Mais si la mort est omniprésente, ce roman c'est aussi et surtout une histoire de survie, une rage de vivre de chaque instant. Au milieu de ces conditions inimaginables, ce sont des femmes qui vont user de solidarité, de ruse, de trahison, de tromperie, dans un seul but : résister le plus longtemps possible. Croire que la liberté est pour bientôt. Et c'est dans ce contexte que Mila va évoluer, qu'elle va cacher sa grossesse jusqu'au dernier moment, et donner naissance à son fils dans des conditions plus que précaires. Alors, commence pour elle la lutte pour sa survie, mais surtout pour celle de son fils.

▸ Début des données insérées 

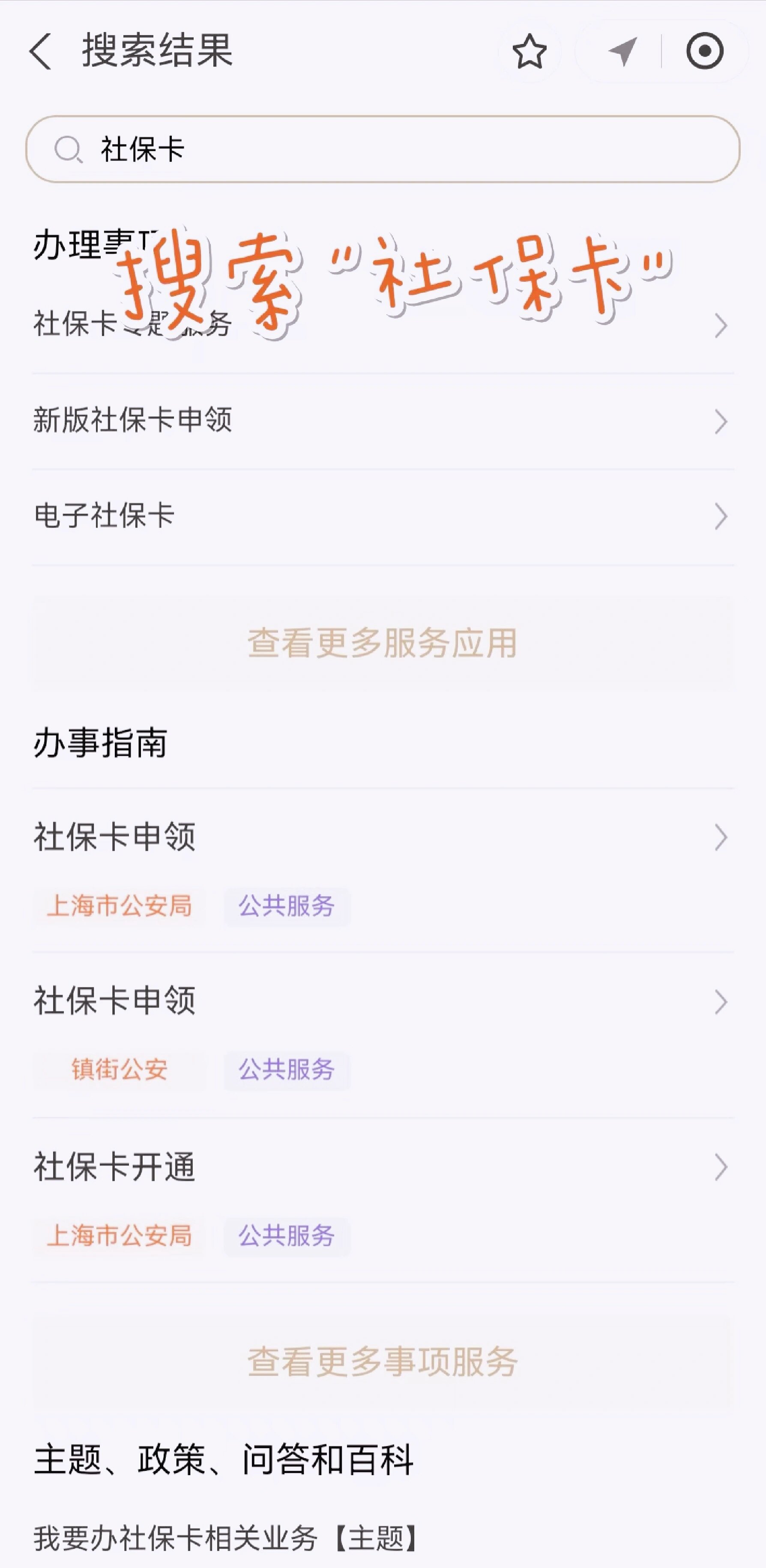 进贤最新上海医保卡网上套取现金渠道方法分析(最方便真实的进贤上海医保卡套取现金渠道嶶新qw413612套出方法)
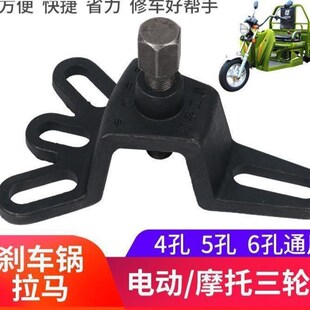 优选煞车锅拉马机车维修理工具三轮车煞车鼓拆卸专用工具拆后桥半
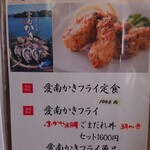 愛南 市場食堂 - メニュー１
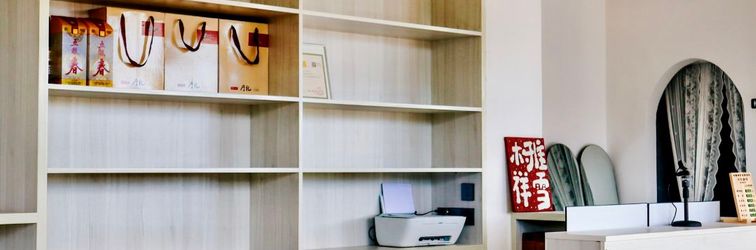 その他 Kangding Muya Xiangxue Hotel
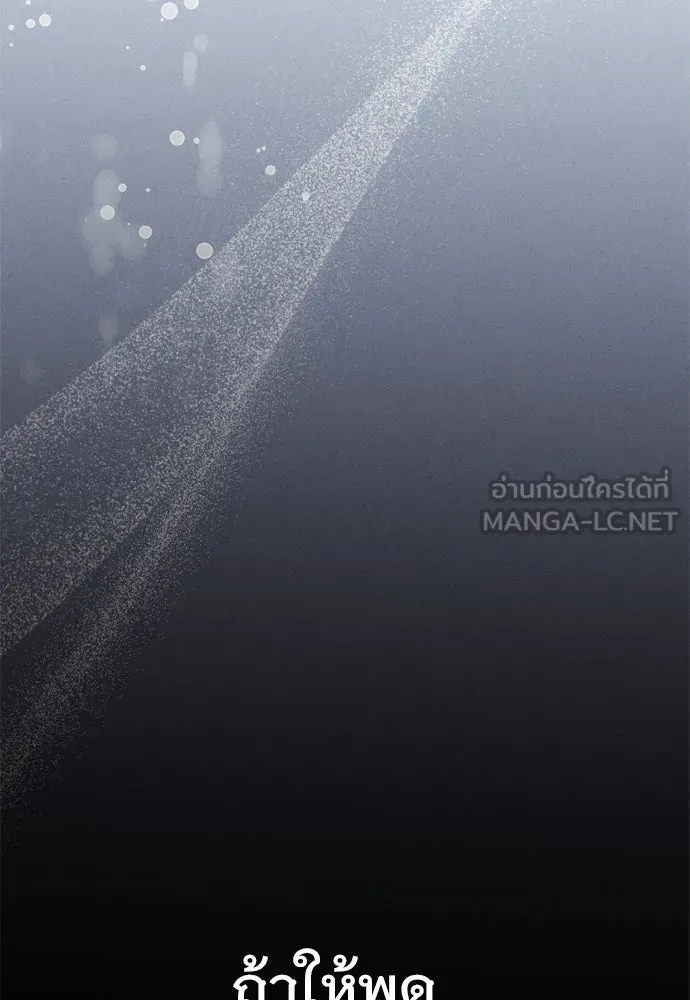 บันทึกรักลูกสาวเจ้าพ่อ ตอนที่ 24 รูปที่ 69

Nous faisons connaissance avec la
Kinderzimmer, cette chambre où sont entassés les enfants en bas âge. Aucun n'a plus de trois mois, car survivre sans soin, sans hygiène, sans un minimum est mission impossible… et ce, quand les bébés ne sont pas éliminés dès la naissance.
Au-delà de ce qu'elle vit, Mila est une fille émouvante tant par sa soif de combat et son désir de vivre, que par sa naïveté. Imaginez, une jeune fille de 20 ans, tombée enceinte un peu par accident, et qui ne comprend rien au fonctionnement de son propre corps… Et imaginez tout ça au camp de Ravensbrück… Et c'est peut-être cette innocence et cette naïveté qui vont l'aider à survivre et à y croire jusqu'au bout !
J'ai trouvé également les autres personnages très attachants ! Comment ne pas éprouver de la peine en quittant Teresa, qui sera d'une telle aide pour Mila ? Comment ne pas sourires en entendant Adèle rêver ? Comment ne pas éprouver rage quand l'une est sélectionnée ?
Si l'histoire en elle-même prend déjà aux tripes, la plume de
Valentine Goby est tout autant saisissante, et surtout s'accorde parfaitement au récit. Au début, j'ai eu du mal avec ces phrases hachées, courtes, parfois sans verbe. Comme s'il manquait quelque chose. Je n'étais pas à l'aise. Et puis, j'ai pris mes marques au fur et à mesure, j'ai mieux compris, et je me suis approprié ce style. Et une fois passées mes premières appréhensions, j'ai totalement adhéré. En effet, l'auteure utilise souvent des phrases courtes, presque comme des listes, assénant un sentiment d'urgence… l'urgence de vivre, de ne pas se faire prendre, de survivre. Mais elle sait aussi, avec un style plus lent nous faire ressentir cette latence du temps qui ne passe pas, ou encore de ces longues heures à attendre sans bouger, dans le froid, la neige, la pluie…
En conclusion,
Kinderzimmer est roman douloureux, sur une des périodes les plus sombres de l'Histoire. C'est un récit qui personnellement m'a été très instructif, car je l'avoue, je ne savais pratiquement rien de ces
Kinderzimmer. Je savais que ça existait, mais c'est tout. Mais si le roman est fort, pour autant, il ne verse pas dans la sensiblerie forcée, et ne se veut pas moralisateur. C'est une fiction qui se base sur des faits réels, qui raconte, et ce seul récit se suffit à lui-même.